To facilitate the discussion about the effect of the BHB metrics on testing methods, we arbitrary defined 4 possible test protocols, using the 0.10 mmol/L cut-off level. To avoid possible effects of the sampling strategy of the HN on the comparison of the protocols, we decided to use data of the first 20 DIM only. The protocols differed in the used test window and the selection of the samples within the windows. Both used windows are commonly used on farms in the participating countries. Definitions are provided in Table 2.

TABLE 2

Table 2. Mean herd cumulative incidence (and range between brackets) of cows with milk β-hydroxybutyrate (BHB) above 0.10 mmol/L for 5 different monitoring protocols.

Data editing

Only herds that used an HN at least since January 2017 were considered eligible because this ensured that the farmers used the HN for their cow management for at least 1.5 year. Consequently, 3 herds were excluded. An additional 3 herds were excluded because their dataset was not complete. We started therefore with a dataset containing 35 herds with a total of 149,249 BHB measurements and a dataset containing 4,848 cows, which were merged using herd-specific and unique cow-ID’s. BHB-measurements before 3 DIM or after 60 DIM (n = 1,005) were excluded as they fall outside the HN BHB test protocol (14). Consequently, 148,244 BHB-measurements remained in the dataset. Milk BHB-values ranged between 0.0003 and 1.19 mmol/L. Data-editing further included aggregating information per unique cow and parity combination for: herd, unique cow-number, parity, calving date, first date with a BHB-measurement, lowest DIM with a BHB-measurement, last date with a BHB-measurement, highest DIM with a BHB-measurement, number of BHB-measurements, maximum BHB concentration, and BHB-measurements for each DIM between 3 and 60 DIM. In case there were multiple BHB-measurements for a cow on the same DIM, 1 BHB measurement was randomly selected.

In a next step, we excluded 1,715 cows as the cows had no BHB measurements (n = 213), were removed from the herd within 60 DIM (n = 159), the recorded calving date did not match with the DIM (n = 37), they had less than 16 BHB measurements between 3 and 20 DIM or less than 9 BHB measurements between 21 and 60 DIM (n = 547), did not have a first BHB measurement within the first 5 DIM and did not have a last BHB measurement after 55 DIM (n = 24) which is less than expected given the HN test protocol. Furthermore, we removed cows that had not a BHB measurement on the randomly selected date according to the test protocols that are presented in Table 2 (n = 735). This resulted in a final dataset with 3,133 cows, who’s records were used in all analyses.

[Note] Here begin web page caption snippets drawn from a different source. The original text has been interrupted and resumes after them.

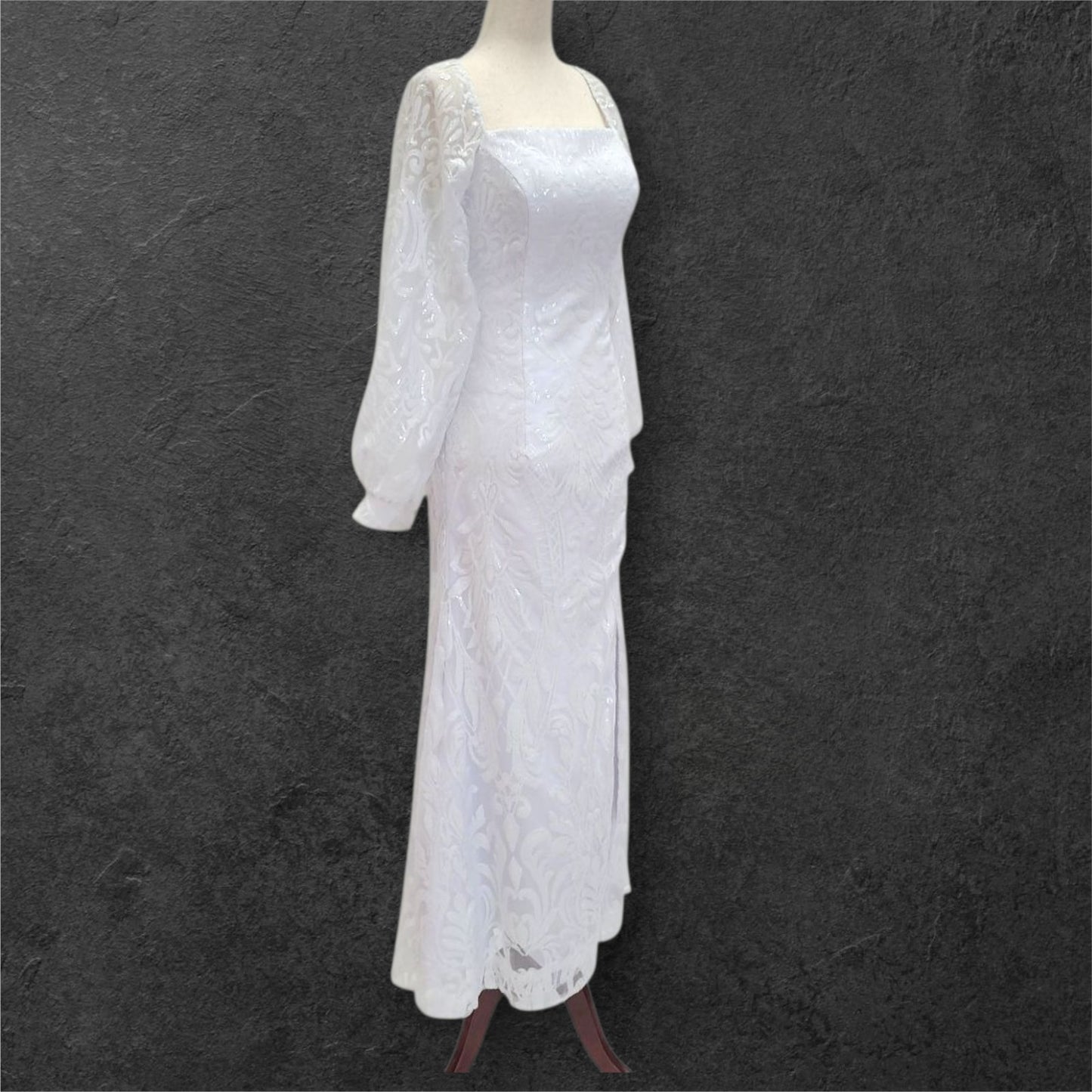 Fitted Sheath Wedding Dress with Patterned Sequins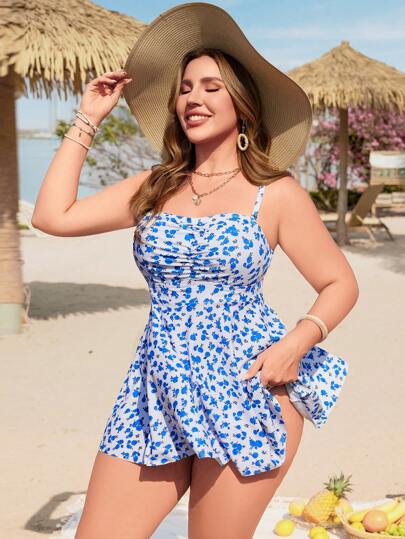 Swim Lushoire طقم بحجم كبير من نساء بزهور صغيرة، بحمالات سباغيتي قابلة للتعديل وبلوزة سباحة مرتفعة الخصر، أنيق ومُرضي المظهر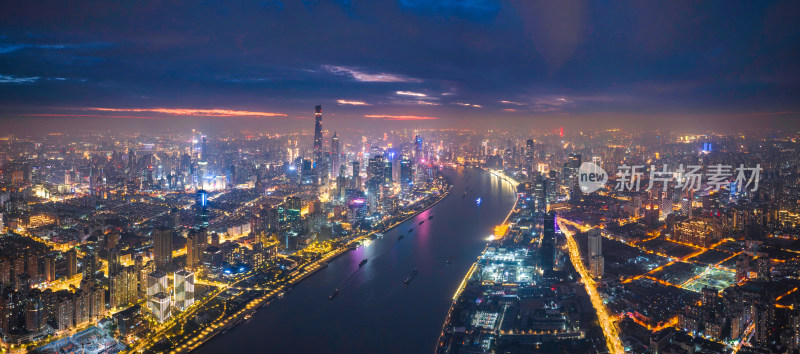 航拍上海北外滩城市夜景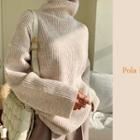 Turtleneck Rib-knit Sweater Light Beige - One Size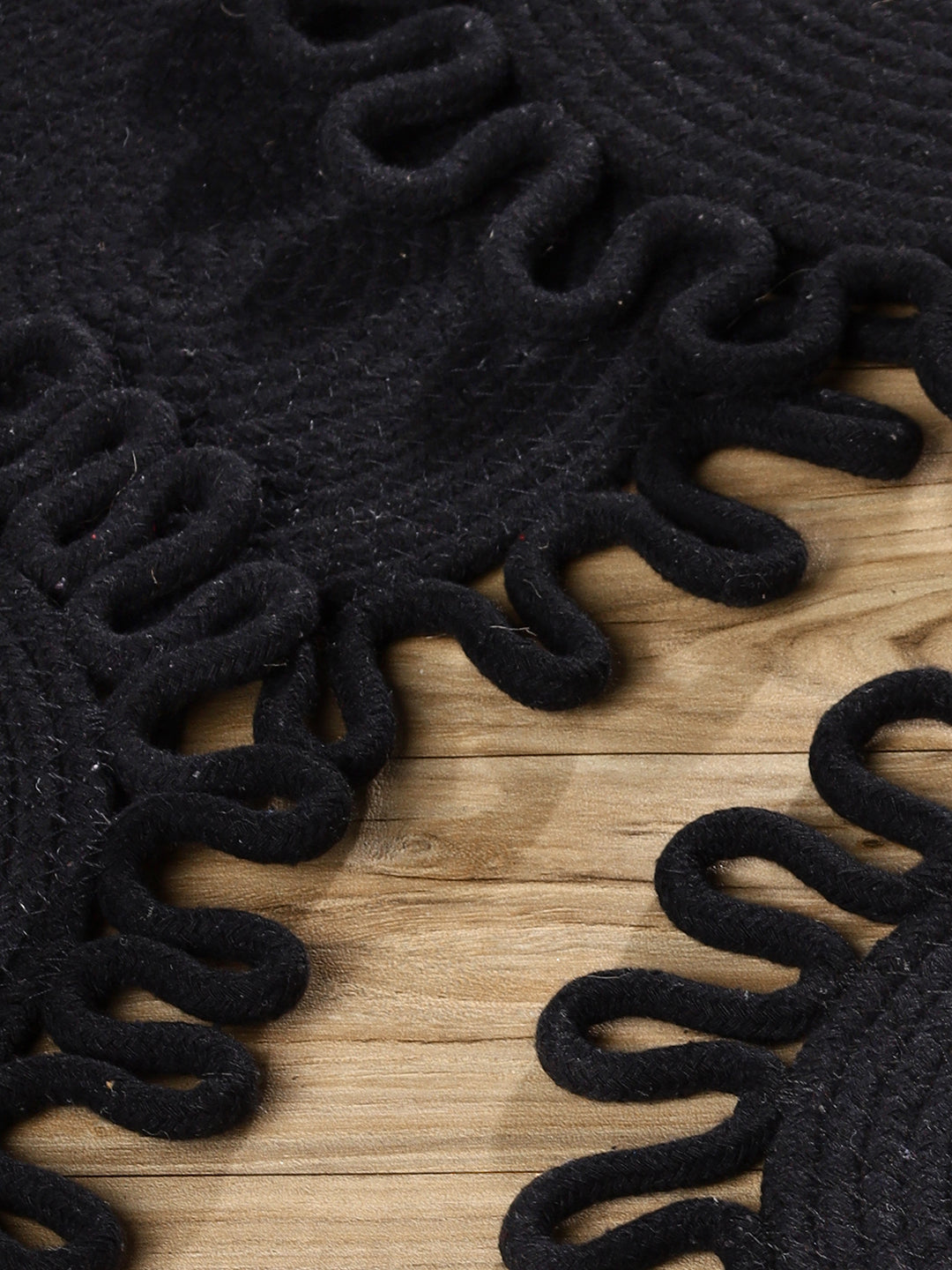 Earth thread-Black Braided Jute Table Placemats (Round 10.5 inch)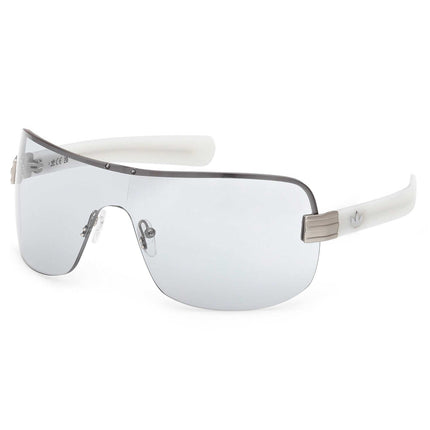 Adidas Unisex Sunglasses - Matte Palladium Metal Shield Half Rim Frame | OR0128 0017V ,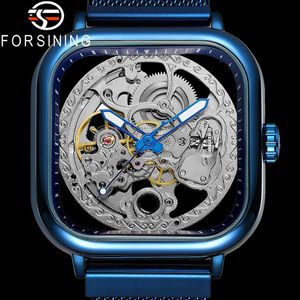 Forsining Orologio da polso da uomo Meccanico automatico Esercito militare Sport Orologio da uomo Top Brand Luxury Skeleton Orologio da uomo impermeabile 8181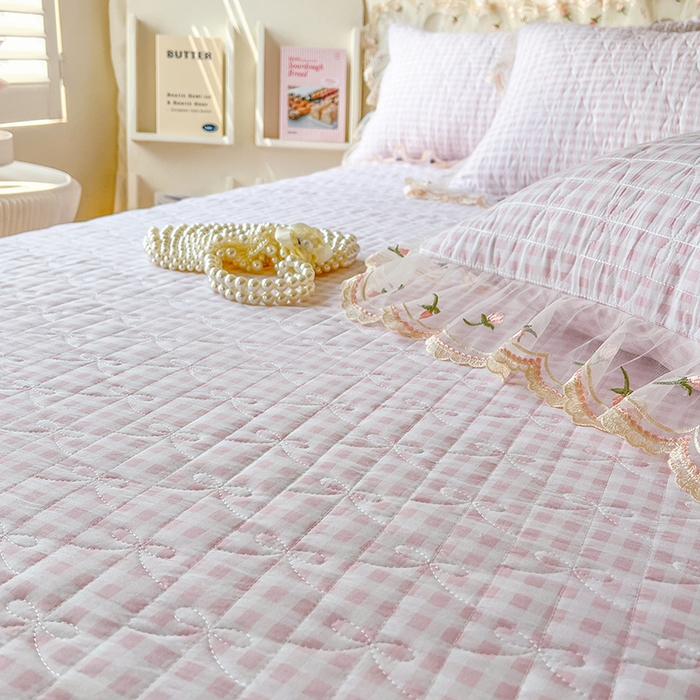 91家纺网 家纺一手货源 找家纺 网红馆（ck家纺） 2026新款水洗棉印花床笠三件套 粉格格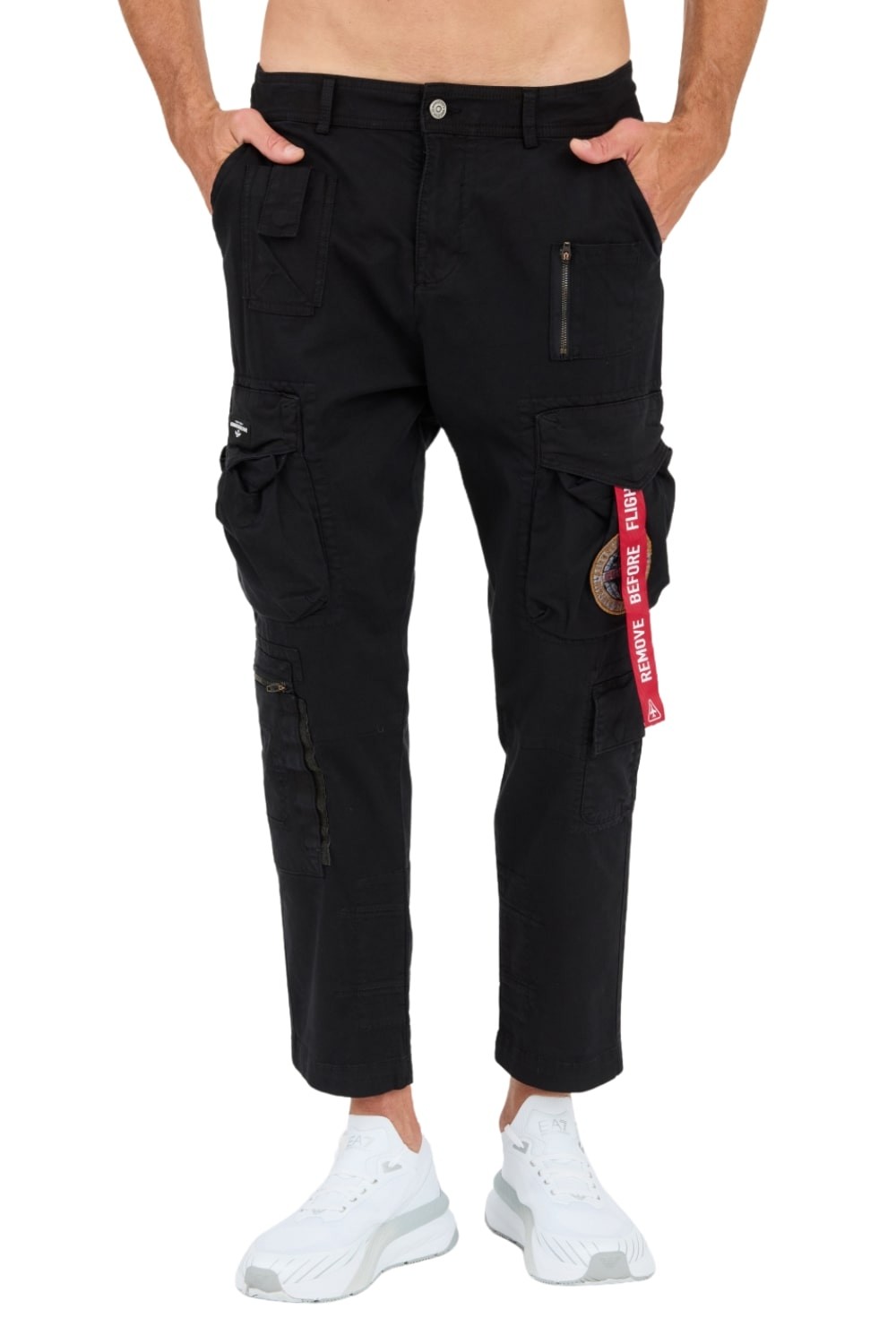 AERONAUTICA MILLITARE Czarne spodnie Crew Chief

From the 35 herds, 30 were located in Netherlands, 4 herds in Belgium, and 1 in Luxembourg. Mean number of included cows per herd after data editing was 89 (range = 14–290). The mean proportion of cows for parity 1, 2, and ≥3 was, respectively, 25.4% (range = 7.1–40.6), 27.7% (range = 9.1–71.4), and 46.9% (range = 27.2–70.4). Mean milk production per day per herd was 29.7 kg milk (range = 21.2–42.3).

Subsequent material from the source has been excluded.